A local co-op offers a new product called golden beef. It is made up of 12 month old steers finished off grass.


----------



## tinknal (May 21, 2004)

Rob, I prefer to raise them to 18-24 months on grass and then finish full feed ground ear corn for 60 to 90 days while still on grass.


----------



## francismilker (Jan 12, 2006)

I'm with tinknal. Let them get to full frame size or 14-16 months old and then gradually get them to full feed. Once they're on full feed for 60-90 days they'll add some finish fat. The way I decide when an animal is finished for the most part is to look at what's left of their scrotum and see when it begins to fill up with fat deposits. When they begin to look like they're growing a new "pair" they're ready for the freezer. It's just harder to do with dairy bred critters.


----------



## sammyd (Mar 11, 2007)

We've only "finished" our dairy steers once. We used Tend-r-leen and whole shell corn for a few months before butchering since hay was hard to find and corn was cheap then.

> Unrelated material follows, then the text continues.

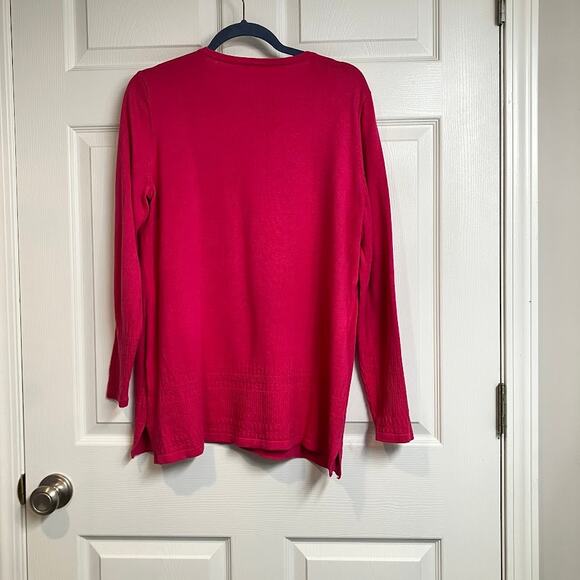 Isaac Mizrahi Live Textured Fuchsia Pink Scoopneck Cotton Viscose Sweater Size L - Picture 2 of 8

Otherwise we feed 4-6 pounds of a 14 or 16% grain twice a day along with pasture or free choice hay (depending on the season) and have never been disappointed or heard complaints with any of the animals we have had processed.


----------



## Ross (May 9, 2002)

There's another name for Tend-r-lean feeding but I forget it ATM. Don't they have to start very young to be able to maximise the corn? How much shell corn were you feeding Sammy? I know you can feed whole corn to sheep no problem but on pastured cattle we always used cracked corn. A good 25 pounds anyhow....I fed more than that to my holstein steer.


----------



## sammyd (Mar 11, 2007)

We fed better than 20 pounds a head. Tend-R-Leen calls for whole shell corn rather than cracked. Once the pellet starts working their rumen acts more like a pigs stomach and it digests everything pretty well.
We had them on a small pasture so we used the pellet that allowed for a couple of pounds of roughage along with the corn, there is a different pellet if you have them in a lot with no access to grass or hay.

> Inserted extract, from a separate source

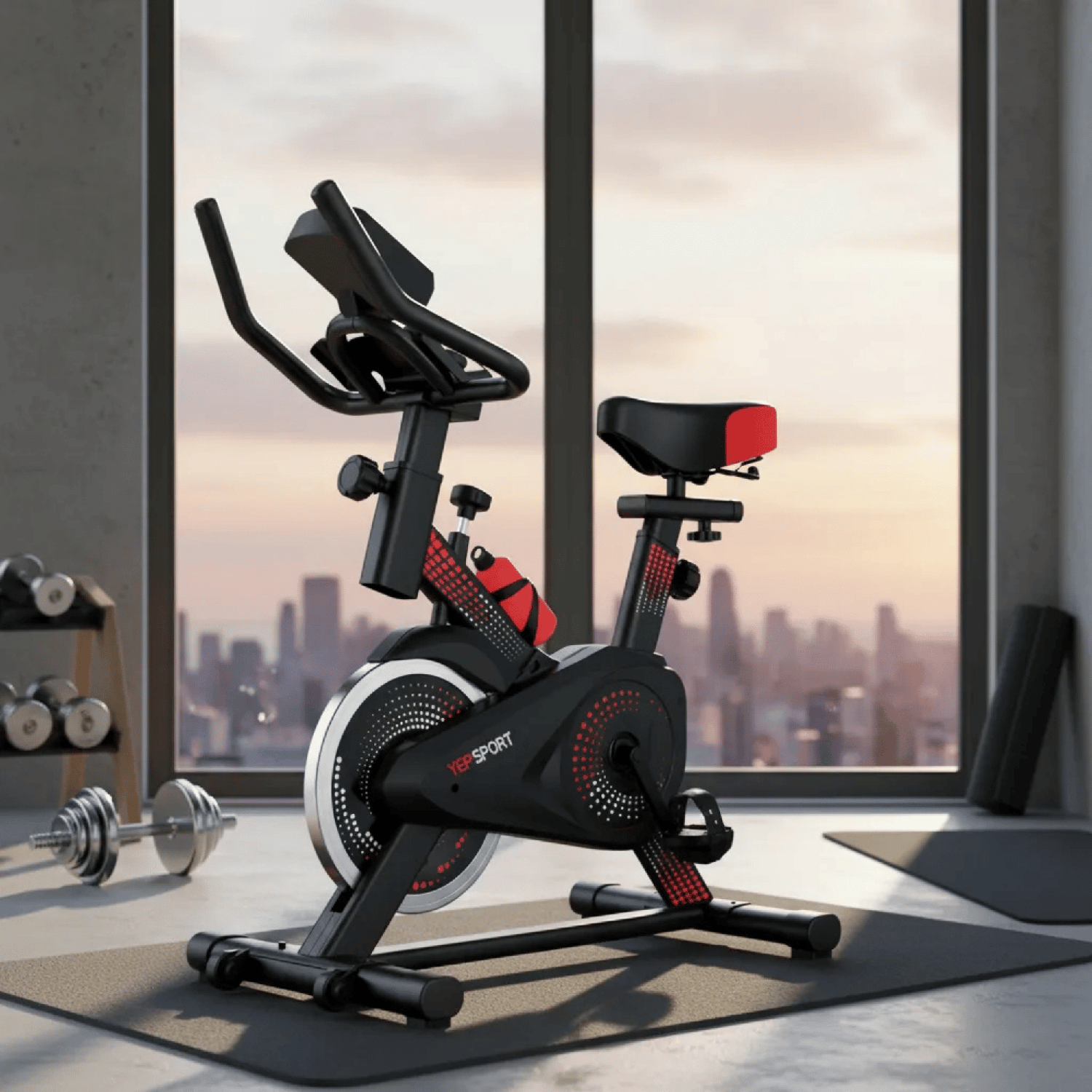 Bicicleta Spinning Yepsport Redpoint Con Botella-4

Tend-R-Leen recommends you start with calves and run their whole program but I didn't discover it until they were a couple of months out from butchering. We ramped them up over a couple of weeks. They ended up very tasty and tender.


----------



## francismilker (Jan 12, 2006)

Has anyone used the tenderlean on a full beef bred steer? If so, what was your rate of daily gain?


----------



## Callieslamb (Feb 27, 2007)

Are you guys saying you need 20 lbs of corn A DAY for 2-3 months to finish a steer? I was feeding about a 1/2 gallon thinking I was helping my steer.....I don't want to butcher until later in the summer. How much corn a day per steer? Mine is jersey- 15 months old. He also gets regular grain and grass not much alfalfa in it right now.


----------



## tinknal (May 21, 2004)

Callieslamb said:


> Are you guys saying you need 20 lbs of corn A DAY for 2-3 months to finish a steer? I was feeding about a 1/2 gallon thinking I was helping my steer.....I don't want to butcher until later in the summer. How much corn a day per steer? Mine is jersey- 15 months old. He also gets regular grain and grass not much alfalfa in it right now.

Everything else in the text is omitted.